- PROBLEM
Your answer should be an exact copy of the lines from the one containing "France Navy Blue" through the last line of the records below, without any pictures.
GIVEN DATA START
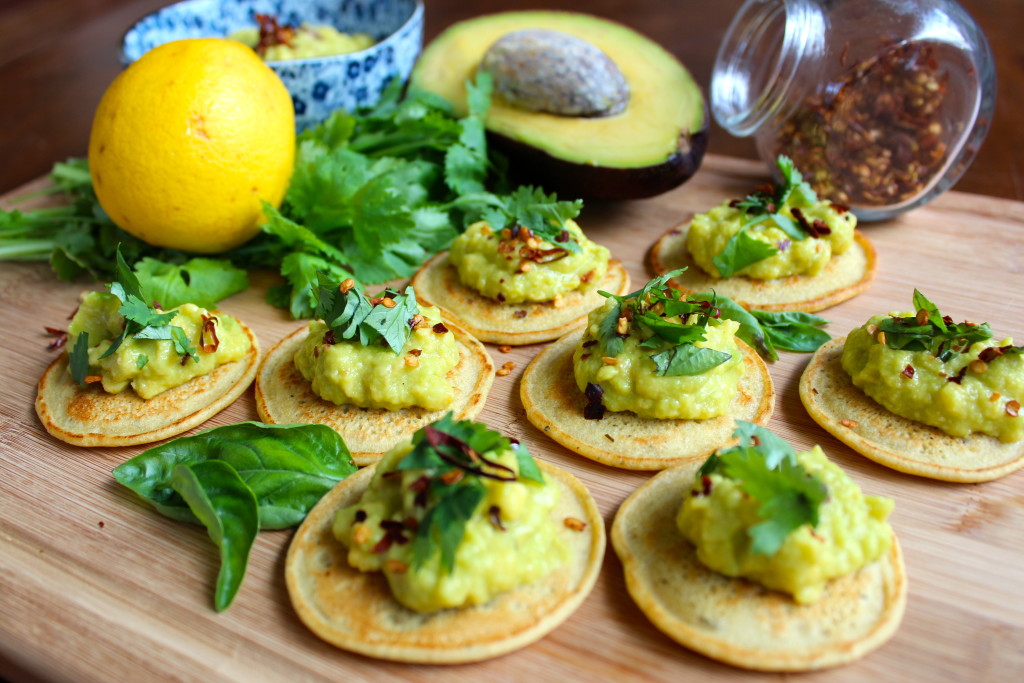 Chickpea pancakes with avocado & dried chilies
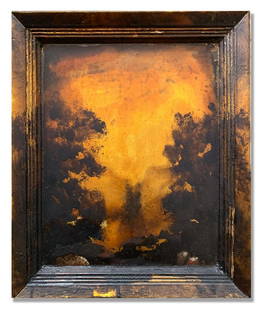 Richard Hambleton: Landscape: Artist: Richard HambletonTitle: LandscapeMedium: aluminum leaf back ground, with raw umber, raw sienna, and black Art Gueurra paint and pigmants with semi gloss varnishSize/Format: 16.5" x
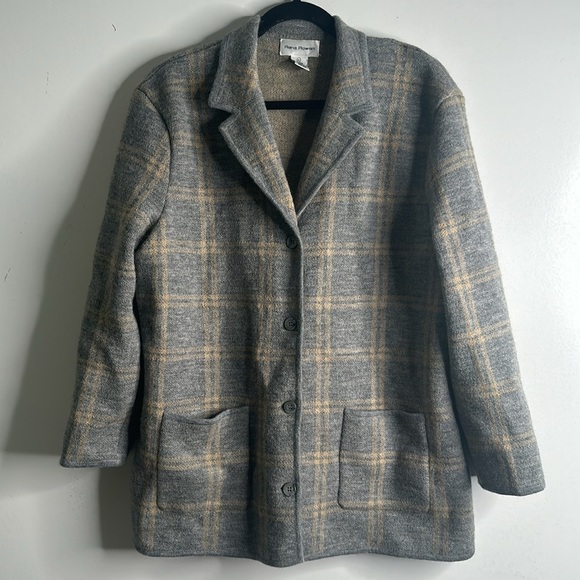 Rena Rowan wool plaid knit cardigan jacket size XlArge gray beige outlander - Picture 1 of 6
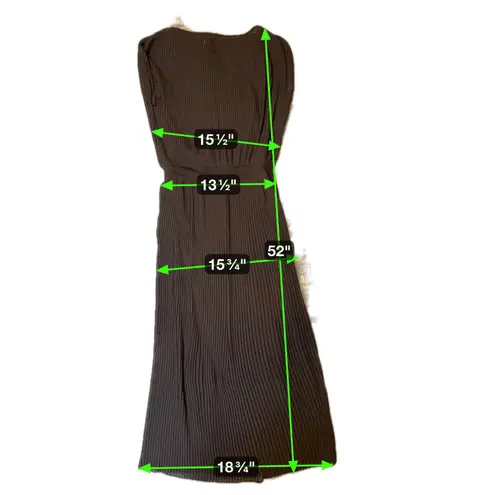 Bordeaux Knit Maxi Dress Ribbed Belted Dark Brown S P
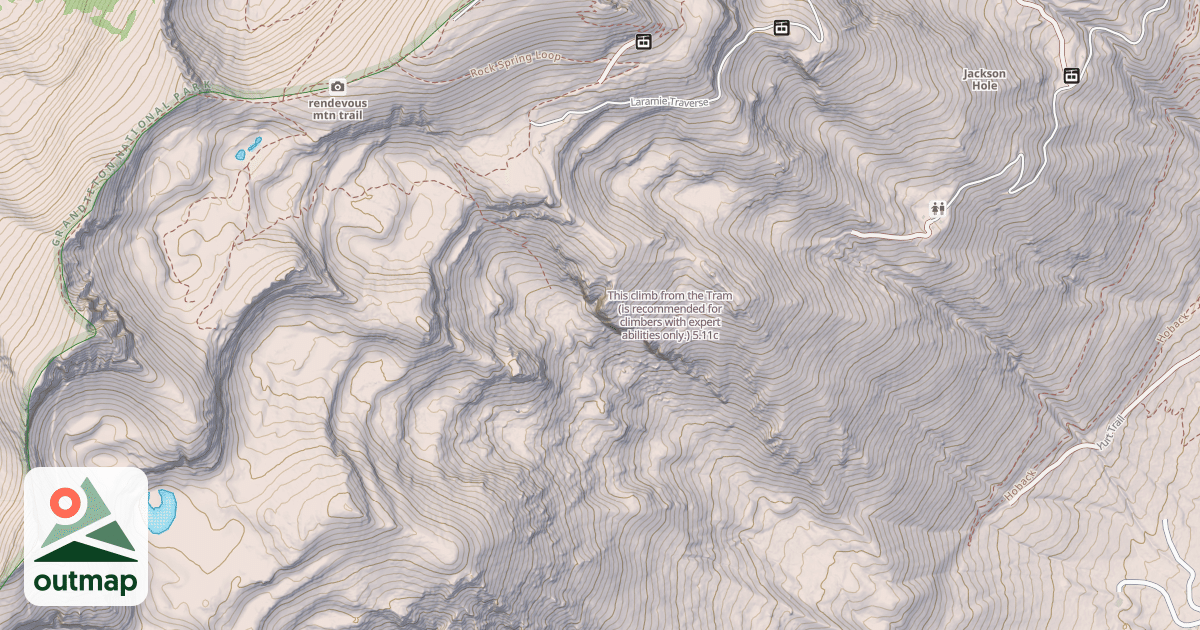 Map of This climb from the Tram (is recommended for climbers with expert abilities only.)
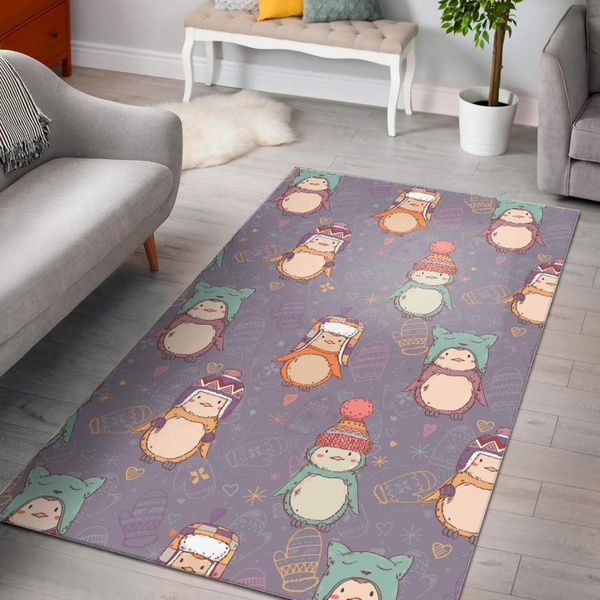 Penguin Pattern Print Area Rug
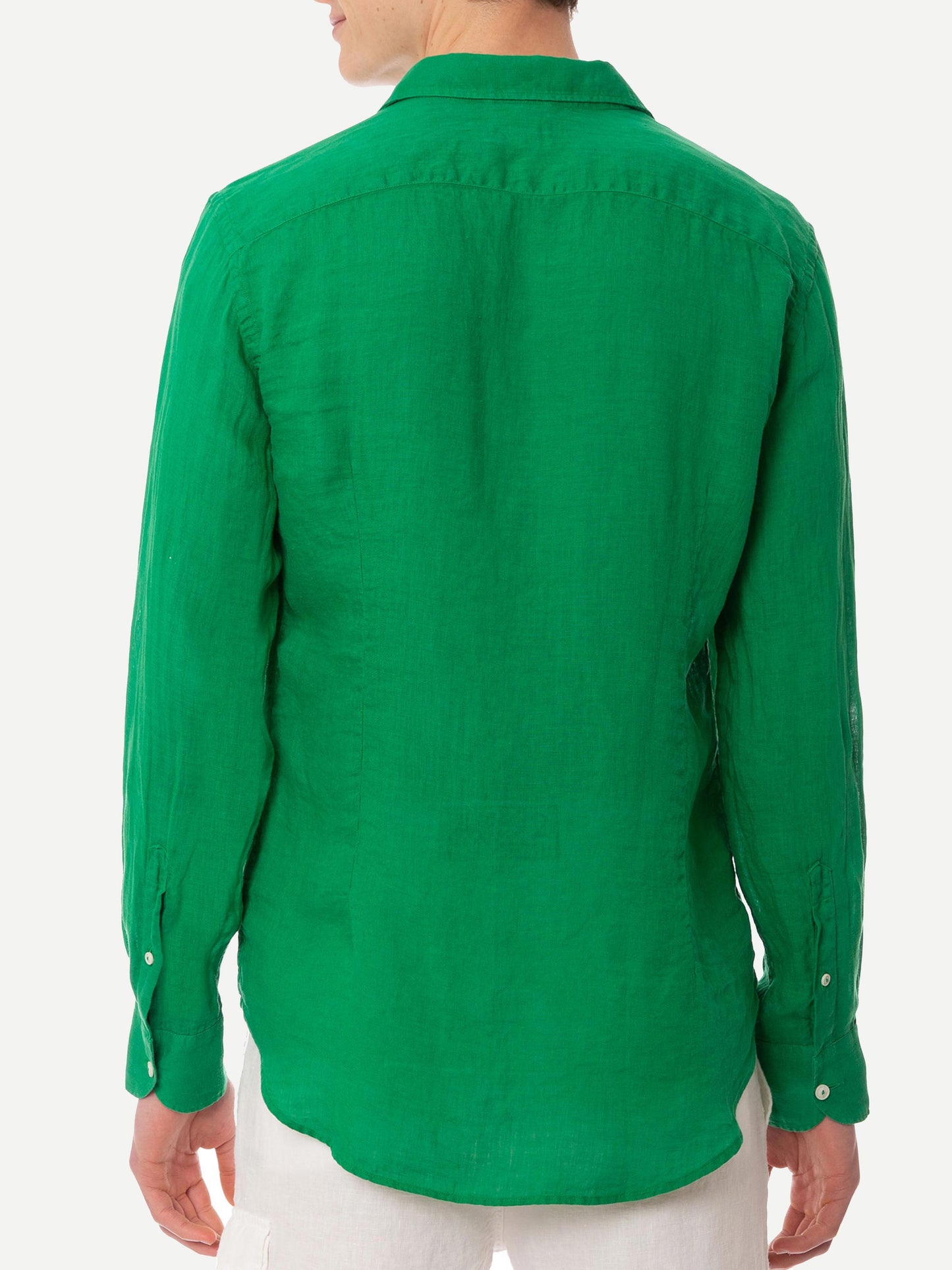 Man green linen Pamplona shirt - MC2 Saint Barth
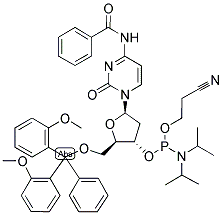 N4-BENZOYL-5'-O-DIMETHOXYTRITYL-2'-DEOXYCYTIDINE 3'-(2-CYANOETHOXY)-N,N-DIISOPROPYLPHOSPHORAMIDITE 结构式
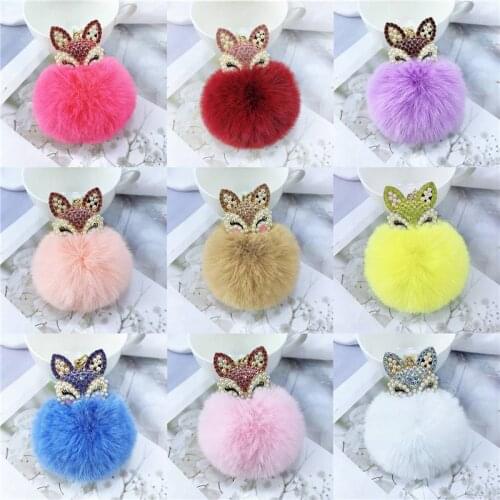 Hair ball key ring pearls rhinestones pendant womens bag New Animal head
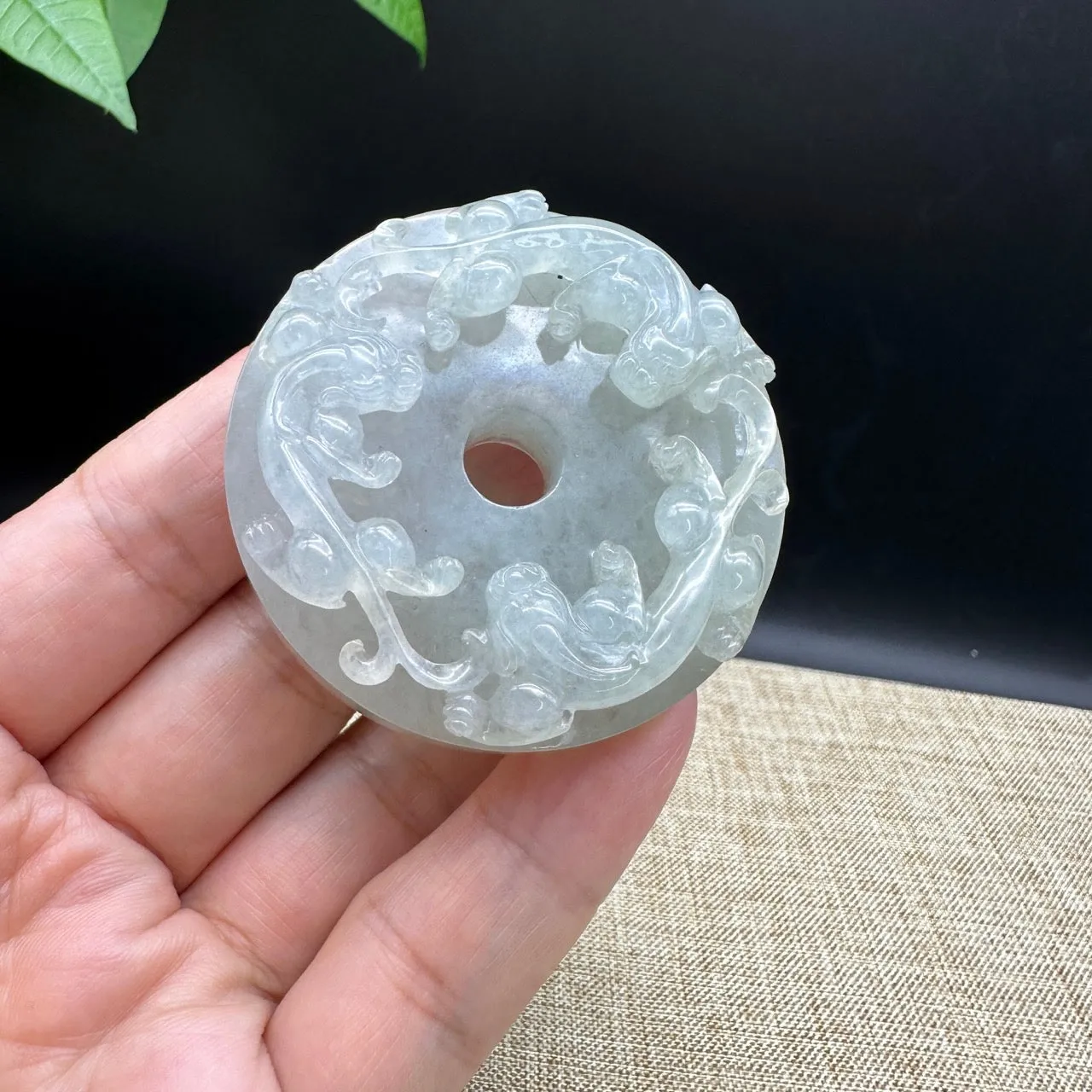 RealJade Co. Genuine Burmese Jadeite Jade Dragon Pendant Necklace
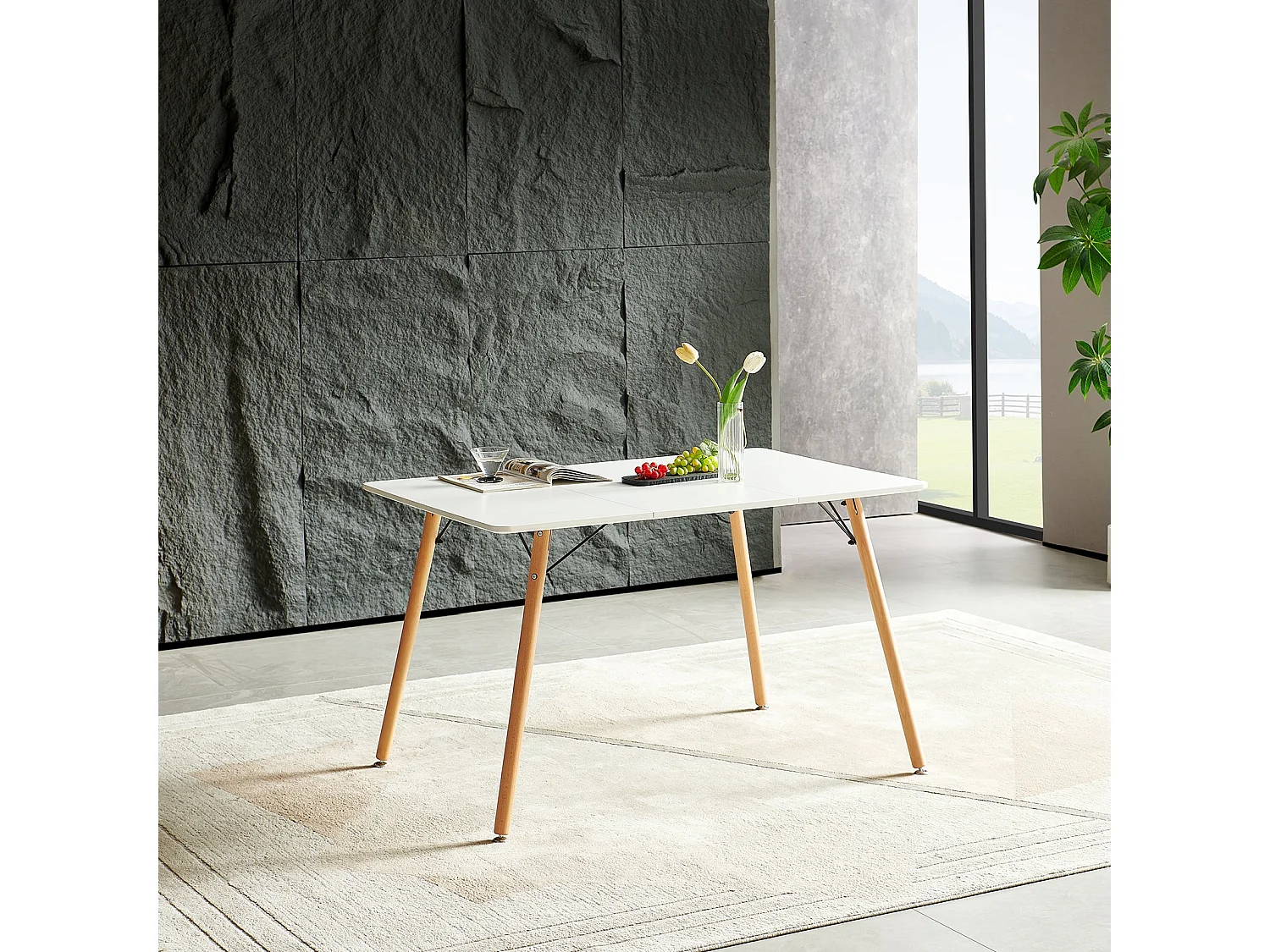 Table à Manger pour 4 à 6 Personnes au Style Moderne, Bureau, Adaptée à la Cuisine, Manger, Salon et au Bureau,120x80x73.5 cm--Blanc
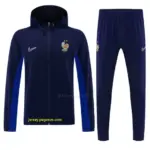 France Navy Blue Full Zipper Hooded Jacket Tracksuit + Long Pants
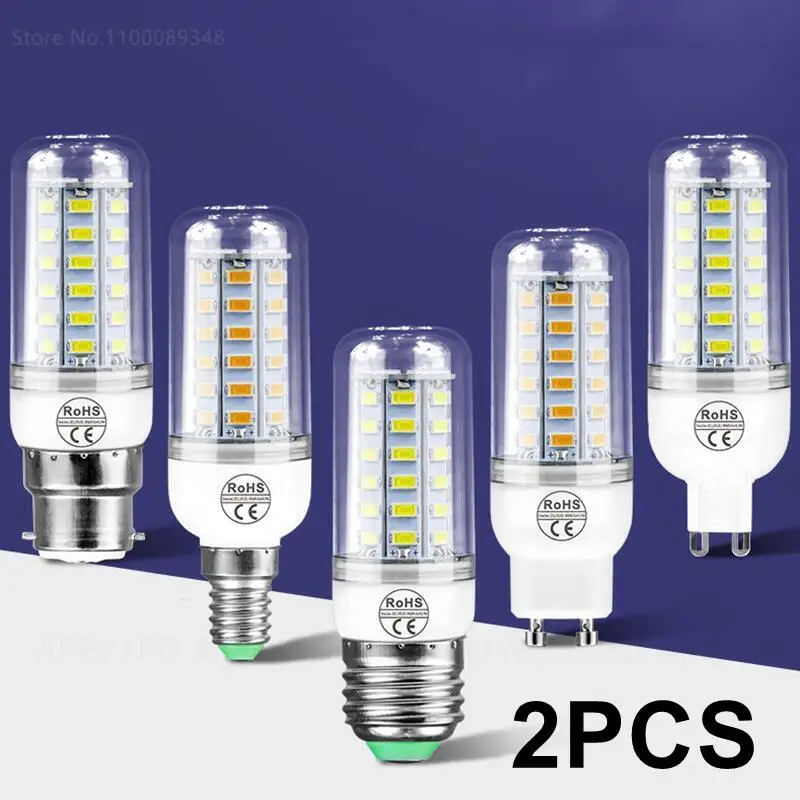 2PCS E27 Led 램프 전구 E14 Led 촛불 전구 B22 옥수수 램프 Led 7W 12W 15W 20W 25W AC220V Bombilla 샹들리에 조명 240V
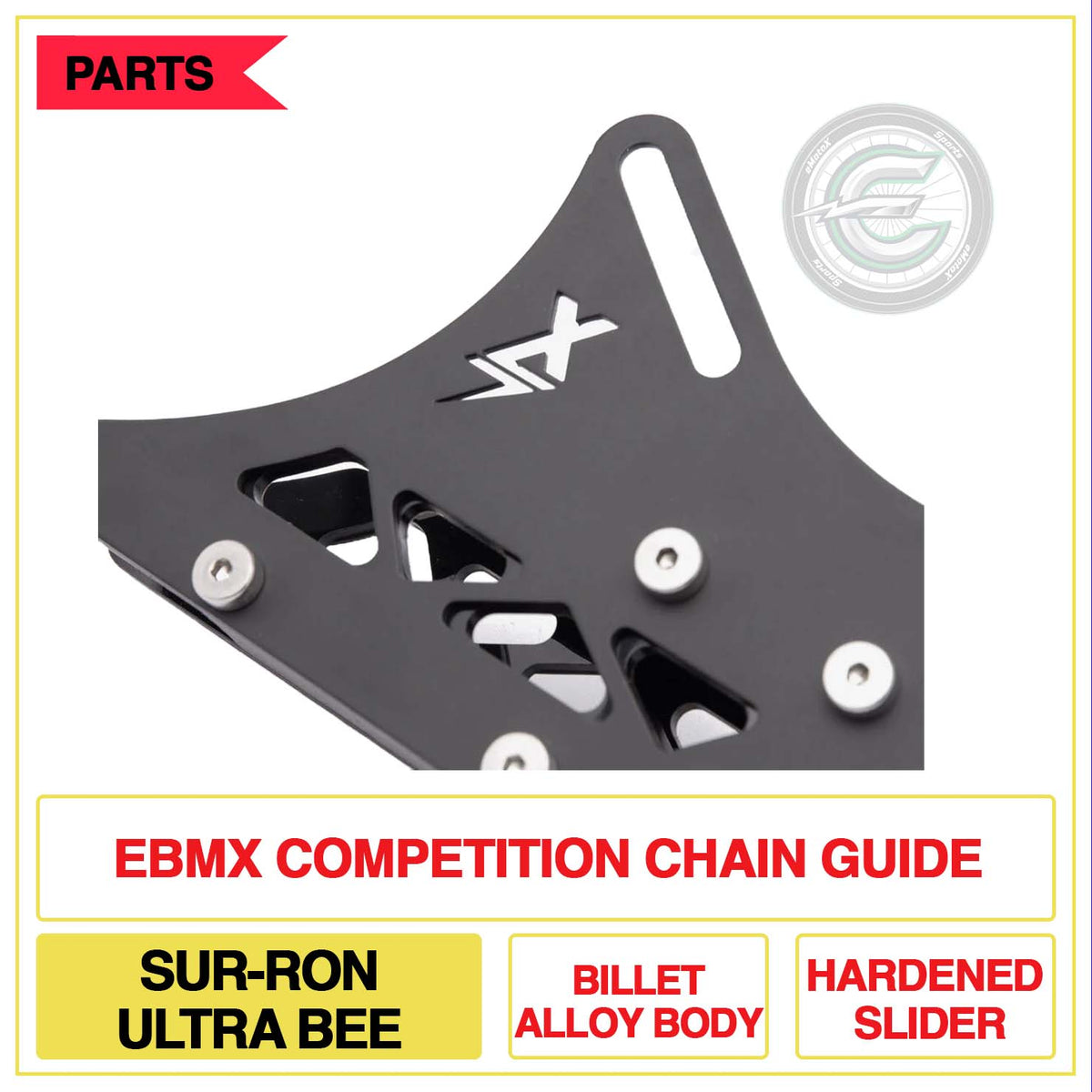 EBMX Competition Chain Guide Sur-Ron Ultra Bee Billet Alloy Body Hardened Slider   | eMotoX Sports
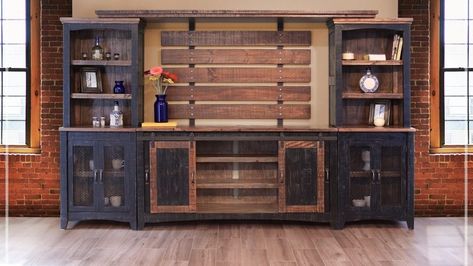 ifd370wallunit Rustic Entertainment Center, Barn Door Entertainment Center, Entertainment Center Wall Unit, Basement Living, Entertainment Wall, Entertainment Center Decor, Entertainment Room, Laurel Foundry Modern Farmhouse, Solid Wood Furniture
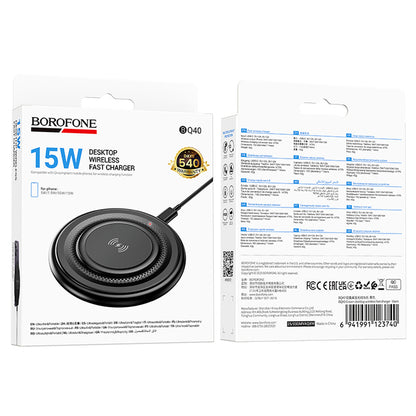 Incarcator Retea Wireless Borofone BQ40 Crown, 15W, 1.67A, Negru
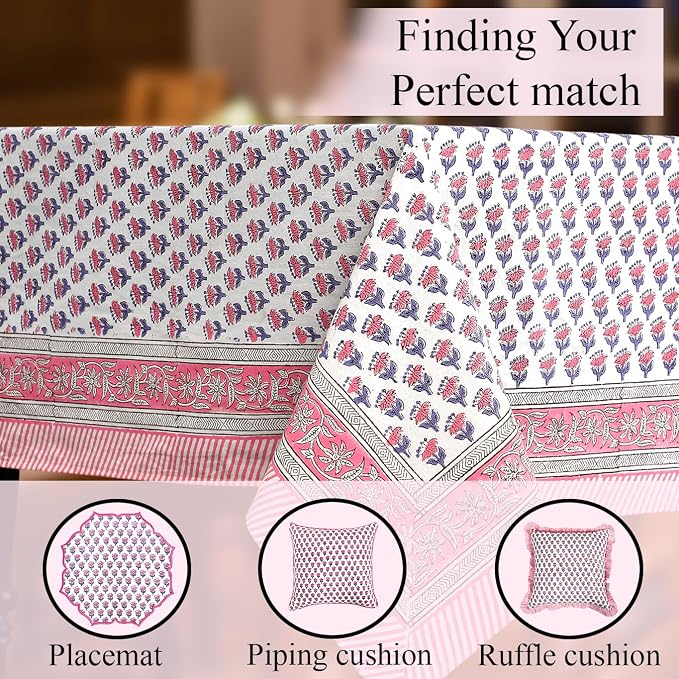 CPC Tablecloth 100% Cotton 60x60 Inch Indian Block Print Square Table Cover - Image 8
GIVEN DATA END
- TASK RESULT
 France Navy Blue Full Zipper Hooded Jacket Tracksuit + Long Pants
 2PCS E27 Led 램프 전구 E14 Led 촛불 전구 B22 옥수수 램프 Led 7W 12W 15W 20W 25W AC220V Bombilla 샹들리에 조명 240V
 EBMX Competition Chain Guide Sur-Ron Ultra Bee Billet Alloy Body Hardened Slider   | eMotoX Sports
 ifd370wallunit Rustic Entertainment Center, Barn Door Entertainment Center, Entertainment Center Wall Unit, Basement Living, Entertainment Wall, Entertainment Center Decor, Entertainment Room, Laurel Foundry Modern Farmhouse, Solid Wood Furniture
 Incarcator Retea Wireless Borofone BQ40 Crown, 15W, 1.67A, Negru
 CPC Tablecloth 100% Cotton 60x60 Inch Indian Block Print Square Table Cover - Image 8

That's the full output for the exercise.